Agnes está lutando contra Arlo, talvez um treino, já que ele é seu mestre. Ignoro, virando o rosto para frente quando Arlo me dá uma olhada de canto. Observando discretamente, Agnes esboça um sorriso feliz ao pensar que seu mestre abriu uma pequena brecha, mas recebe um pontapé na barriga, jogando-a para trás e caindo de bunda no chão.
— Queria me ver?
— Sim — diz Claus. Ele fecha o livro devagar, como se estivesse lendo até as últimas palavras enquanto junta a capa e a contracapa uma na outra. — Arlo, venha aqui.
— Será possível… que o garoto que treinarei discretamente… é ele? — Arlo franze a sobrancelha quando Claus balança o rosto concordando.
— Ele não quis me deixar ser seu mestre uma vez, o que mudou?
— Nada… Ainda não quero — respondo, cruzando os braços e o encarando de lado. Ele me observa de cima a baixo com um olhar semicerrado.
— Tsc! Viu só? Ele não quer minha ajuda — fala Arlo, tinindo de raiva.
— Não confio em você — declaro.
— Essa é a primeira vez que vejo alguém confrontar um general de Dream… e ainda por cima é uma criança.

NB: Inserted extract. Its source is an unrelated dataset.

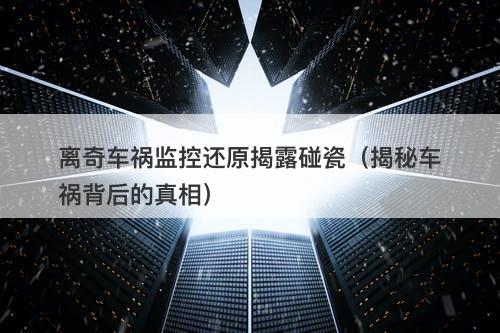 离奇车祸监控还原揭露碰瓷（揭秘车祸背后的真相）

Nem mesmo Agnes fez isso. Que coisa, não?! — Claus mostra um tom debochado olhando descaradamente para ele.
— Claus… dá para calar a boca um pouquinho? — Consigo ver o olho esquerdo de Arlo piscar sem controle.

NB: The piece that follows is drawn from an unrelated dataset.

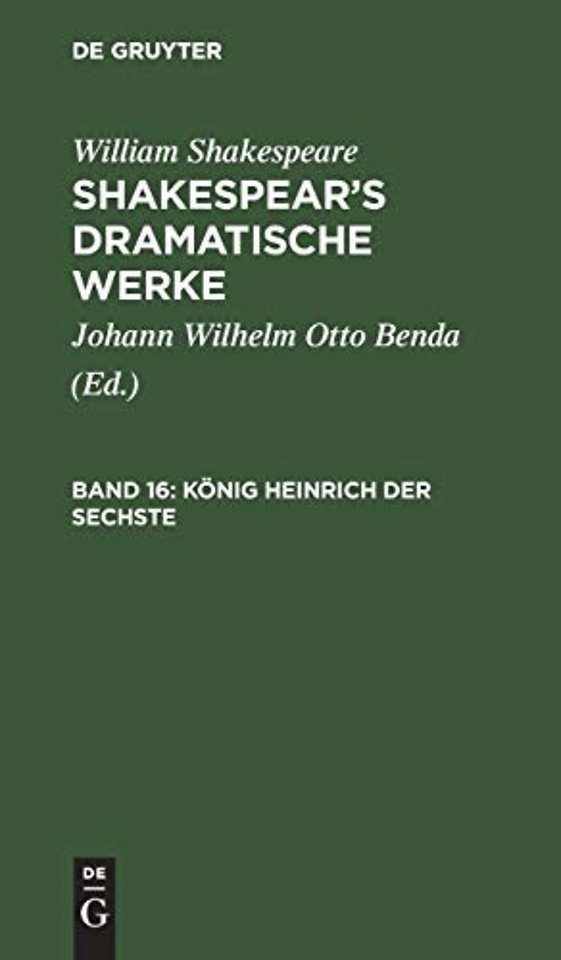 König Heinrich der Sechste – Zweiter und dritter Theil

— Veja bem, Luke — Claus ri —, confie em mim. Arlo é meu melhor amigo desde que me conheço por gente, confie nele. Se não puder… confie em mim.
Pedindo assim, é até uma ofensa recusar. Além do mais, Claus fez o bastante só por me deixar ficar debaixo do seu teto. O mínimo que posso fazer é demonstrar confiança.
— Haaah… — Suspiro. — Irei aceitar porque é você que está pedindo.
Arlo sorri discretamente.
— Não é assim que as coisas funcionam. — Ele anda até um barril, onde há algumas espadas e lanças de madeira. — Você terá que provar se tem algum valor em lhe treinar. — Aponta para o barril. — Escolha sua arma, ou o pirralho tem medo de se machucar?
Qualquer pirralho de cinco anos teria medo de se machucar, teu lunático filho da puta.